Investors adopted a wait-and-see attitude on the economy, despite Federal Reserve Chairman Alan Greenspan’s improved assessment, and bid stocks modestly lower Wednesday as Wall Street waits for better economic and earnings news.

While Greenspan said the economy has “regained some traction” after the summer’s slowdown, investors looked past his congressional testimony, focusing instead on uncertainty about the health of the economy, third-quarter earnings pre-announcements and fiscal policy.

Greenspan gave no strong indications whether the Fed would raise interest rates at its meeting Sept. 21. While many analysts believe a quarter percentage point increase is likely, others wonder if election year politics will cause the Fed to skip a rate hike until November. The benchmark rate stands at 1.5 percent.

“Between the economy the way it is and the election coming up, I don’t think the Fed will raise rates this month,” said David Legeay, senior vice president at McDonald Financial Group. “It’s still a show-me recovery, and a lot of businesses are waiting to see how the economy fares and what the Fed will do before they make any big investments.”

The Dow Jones industrial average fell 29.43, or 0.3 percent, to 10,313.36.

Broader stock indicators were also lower.

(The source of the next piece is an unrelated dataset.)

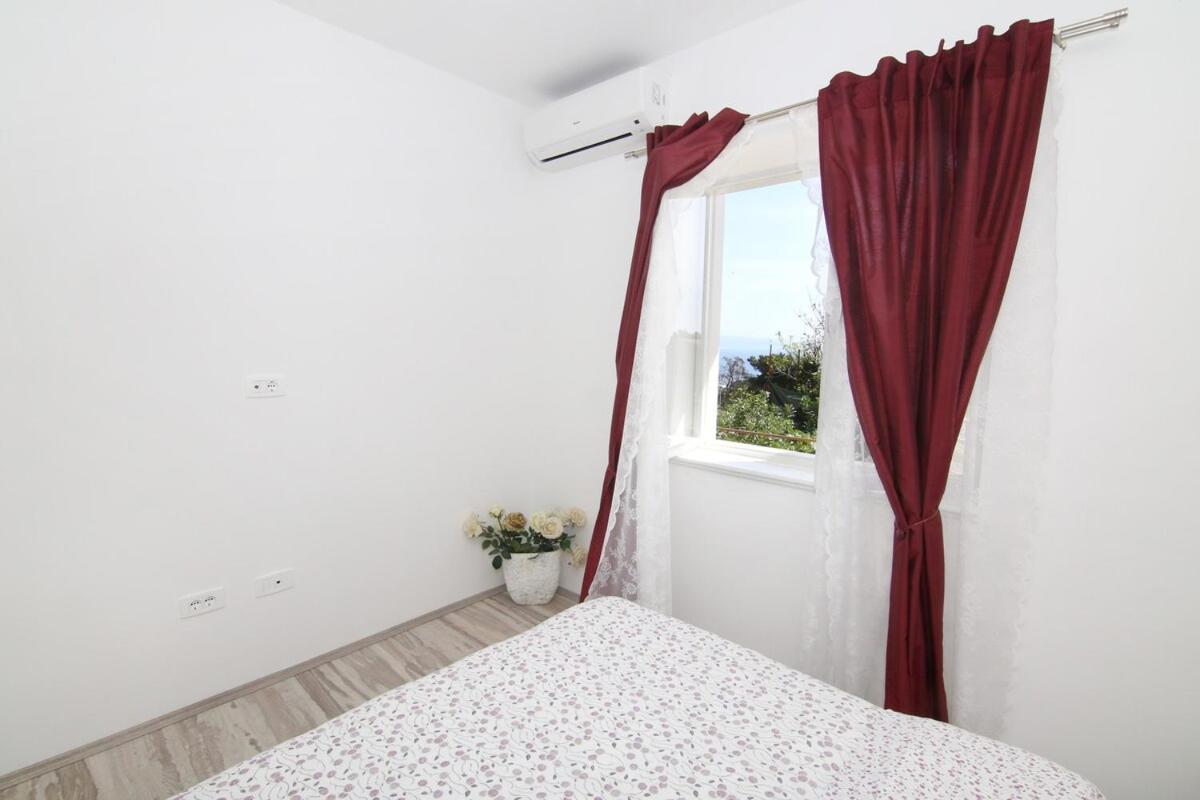 Apartment Lu Спліт Екстер'єр фото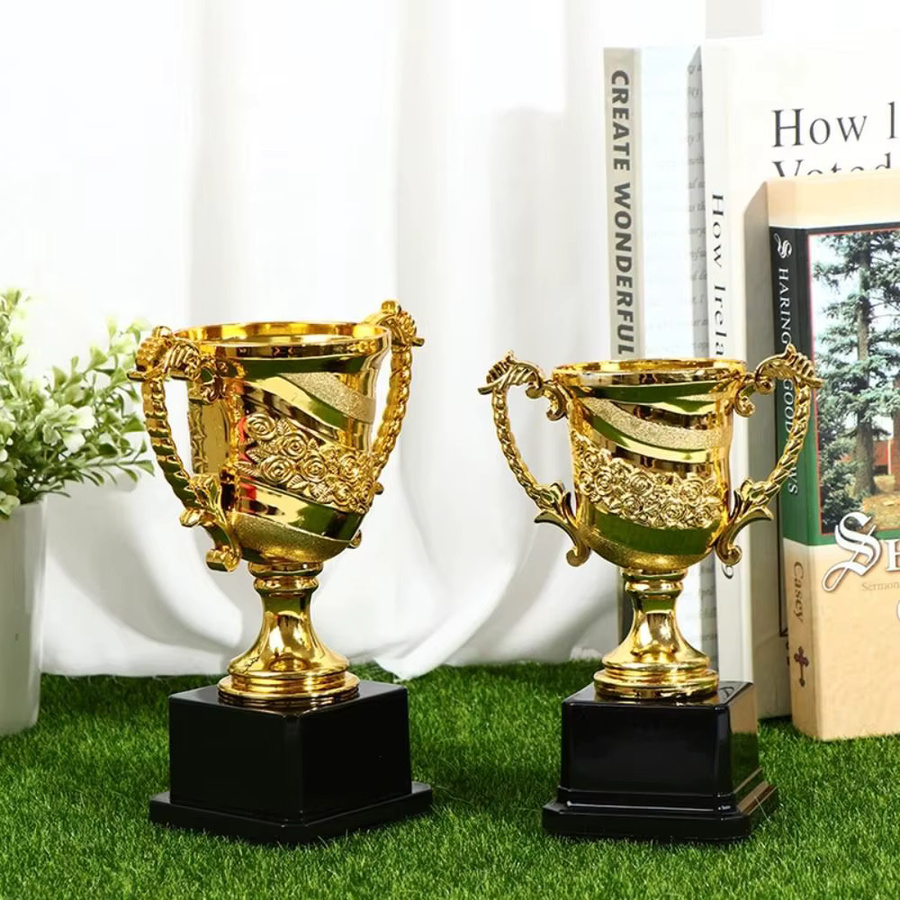 Goldene Fußball-Trophäe aus Kunststoff für Kinder und Wettbewerbe, Höhe: 14 cm - Bild 2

The Standard & Poor’s 500 index was down 5.03, or 0.4 percent, at 1,116.27, while the Nasdaq composite index dropped 7.92, or 0.4 percent, o 1,850.64.

With terror fears fading after the close of the political conventions and oil prices on the decline, investors are firmly focused on economic numbers, with an eye toward how the Fed will interpret the data when it looks at interest rates.

Since third-quarter earnings will likely be reduced due to the summer’s high oil prices, the market has mostly discounted the upcoming earnings season — even though double digit profit growth is still likely — with hopes of a resurgence in profits in the fourth quarter to go along with the elections and, hopefully, more strength in the economy.

“Clearly, everyone wants to know what the catalyst is going to be to send this market higher,” said Brian Belski, market strategist at Piper Jaffray. “One, we now have a lack of negative news of the kind that impacted the market over the summer. But more importantly, we’ve been increasingly conservative on earnings growth estimates, and those numbers will have to start going up if we’re going to rally.”

Despite his cautiously optimistic assessment, Greenspan echoed Wall Street’s concerns over oil prices, which have fallen from record highs in recent weeks but stubbornly remain above $40 per barrel. A barrel of light crude for October delivery was quoted at $42.77, down 54 cents, on the New York Mercantile Exchange.

Dow component Coca-Cola Co. dropped $2.20 to $43.45 after its chief bottler, Coca-Cola Enterprises Inc., issued warnings over its third-quarter earnings and reduced its full-year outlook due to lower demand for the company’s soft drinks. Coca-Cola Enterprises fell $1.11 to $19.48.

Shares in Wal-Mart Stores Inc. were down 21 cents at $53.08 after the retailer’s chief executive told an investing conference that Christmas sales would likely meet expectations.

Fast food chain McDonald’s Corp. said its sales from stores open at least a year rose 3.9 percent in August, citing improved services and more menu options. McDonalds gained 12 cents to $27.50.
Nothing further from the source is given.